Auch er habe einen Halbgeneralschlüssel besessen, mit dem
er - wie alle anderen Nutzer des MehringHofes - Zugang zu allen
Toren, allen Höfen, allen insgesamt fünf Aufgängen,
zur Besenkammer, zum vorderen Fahrstuhl und zum Aufgang der Nottreppe
(also dem Elektroraum) gehabt hätte. Im Elektroraum habe es
keine Möglichkeit gegeben, ein Paket zu verstecken und auch
der Fahrstuhlschacht käme dafür nicht in Betracht, denn
dieser sei regelmäßig, aber ohne Vorankündigung,
durch eine Wartungsfirma kontrolliert worden.

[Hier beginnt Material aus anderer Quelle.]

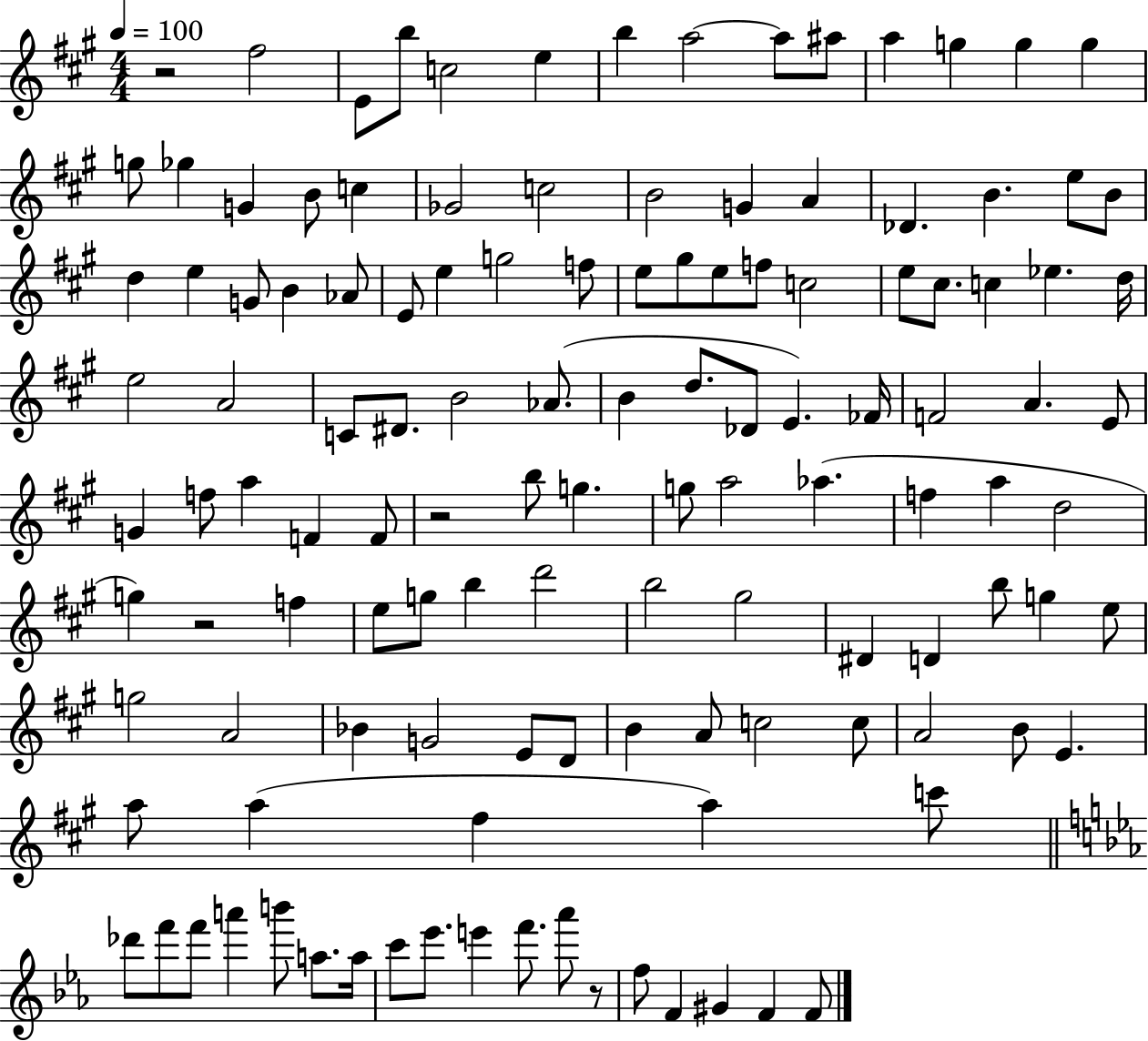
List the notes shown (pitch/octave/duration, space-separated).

R/h F#5/h E4/e B5/e C5/h E5/q B5/q A5/h A5/e A#5/e A5/q G5/q G5/q G5/q G5/e Gb5/q G4/q B4/e C5/q Gb4/h C5/h B4/h G4/q A4/q Db4/q. B4/q. E5/e B4/e D5/q E5/q G4/e B4/q Ab4/e E4/e E5/q G5/h F5/e E5/e G#5/e E5/e F5/e C5/h E5/e C#5/e. C5/q Eb5/q. D5/s E5/h A4/h C4/e D#4/e. B4/h Ab4/e. B4/q D5/e. Db4/e E4/q. FES4/s F4/h A4/q. E4/e G4/q F5/e A5/q F4/q F4/e R/h B5/e G5/q. G5/e A5/h Ab5/q. F5/q A5/q D5/h G5/q R/h F5/q E5/e G5/e B5/q D6/h B5/h G#5/h D#4/q D4/q B5/e G5/q E5/e G5/h A4/h Bb4/q G4/h E4/e D4/e B4/q A4/e C5/h C5/e A4/h B4/e E4/q. A5/e A5/q F#5/q A5/q C6/e Db6/e F6/e F6/e A6/q B6/e A5/e. A5/s C6/e Eb6/e. E6/q F6/e. Ab6/e R/e F5/e F4/q G#4/q F4/q F4/e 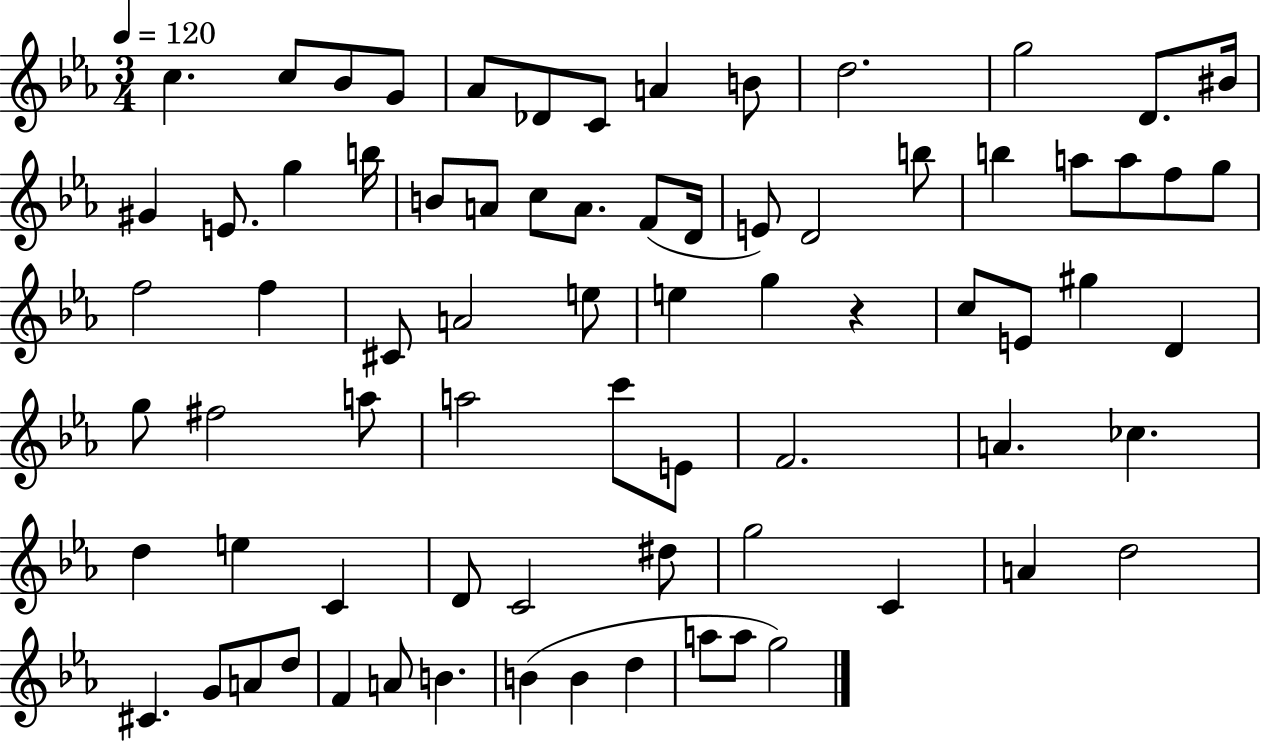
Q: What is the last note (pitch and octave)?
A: G5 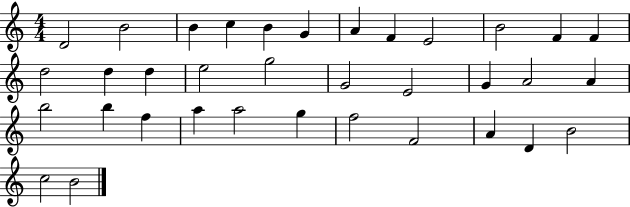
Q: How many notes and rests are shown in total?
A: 35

Zudem hätte der
TÜV, ebenso wie die Wartungsfirma, den Fahrstuhl selbst, den
Schacht, den entsprechenden Motor und die Seile von oben und unten
einmal jährlich kontrolliert; die Wartungsfirma sei etwa alle
zwei bis drei Monate dort gewesen.
Wasser marsch
Da es sowohl regelmäßig ein Problem mit dem Grundwasser
gab und bei stärkeren Gewitterregen ebenfalls das Abschöpfen
von Wasser notwendig war, seien auch sie gezwungen gewesen, regelmäßig
im Schacht tätig zu werden. Die Lagerung von Sprengstoff -
"Wer das an mich herangetragen hätte, den hätte ich für
bekloppt erklärt" - sei daher auszuschließen. Damit ist
Mouslis Version - er hatte sich zunächst auf den Fahrstuhlschacht
festgelegt, dann begonnen den Elektroraum für einen der denkbaren
Lagerorte zu halten - nach zwei vergeblichen Durchsuchungsaktionen
der Polizei - erneut als Lüge belegt.
Auch die Bundesanwaltschaft befragte die Zeugin. Ob bauliche Veränderungen
dazu geführt hätten, dass Schächte entstanden seien,
in denen man hätte Dinge unter einer Metallplatte verstecken
können, verneinte die Zeugin. Zwar sei im Fahrstuhlschacht
wegen der Wasserproblematik ein neuer Estrich gelegt worden, es
habe sich aber auch vorher dort nur Estrich befunden. In dem - nicht
unterkellerten -Elektroraum habe es hingegen nie eine Wasserproblematik
gegeben, so dass es dort auch keine baulichen Veränderungen
gab. Es habe im Bierkeller noch einen Schacht gegeben, der als Sickergrube
für auslaufendes Bier gedient habe, aber offen einsehbar nur
mit einem Gitter versehen gewesen ist.
Mousli, der offensichtlich eine besondere Affinität zu Wasser,
aber keine zur Wahrheit hat - schon am Seegraben befand sich kein
Sprengstoff an der von ihm angegebenen Stelle, der angebliche Lagerort
des Sprengstoffes im MehringHof war offensichtlich besser besucht
als die Bundesgartenschau und nass wie die Aquarien des Zoologischen
Gartens - steht so mitten in zwei uneidlichen Falschaussagen.
Die lieben Kollegen...
Ebenfalls von der Bundesanwaltschaft befragt zu ihrem damaligen
Hausmeisterkollegen Lothar E., gab die Zeugin an, Lothar E. habe
dort von 1985/86 bis Anfang der 90er Jahre im MehringHof gearbeitet
und sie seien zu dieser Zeit auch befreundet gewesen. Wann er nach
Kanada gegangen sei - "vermutlich Mitte der 90er Jahre" - könne
sie nicht genau sagen, denn sie habe zu diesem Zeitpunkt schon keinen
Kontakt mehr zu ihm gehabt. Lothar E. sei auch mit Tarek Mousli
befreundet gewesen, sie habe darüber aber keine detaillierten
Kenntnisse.
Dass ihr Harald G. näher bekannt ist, darf inzwischen als
ausgeschlossen gelten, denn auf diese Frage des Richters Hanschke
zeigte sie spontan auf Matthias B. und benannte ihn als Harald G.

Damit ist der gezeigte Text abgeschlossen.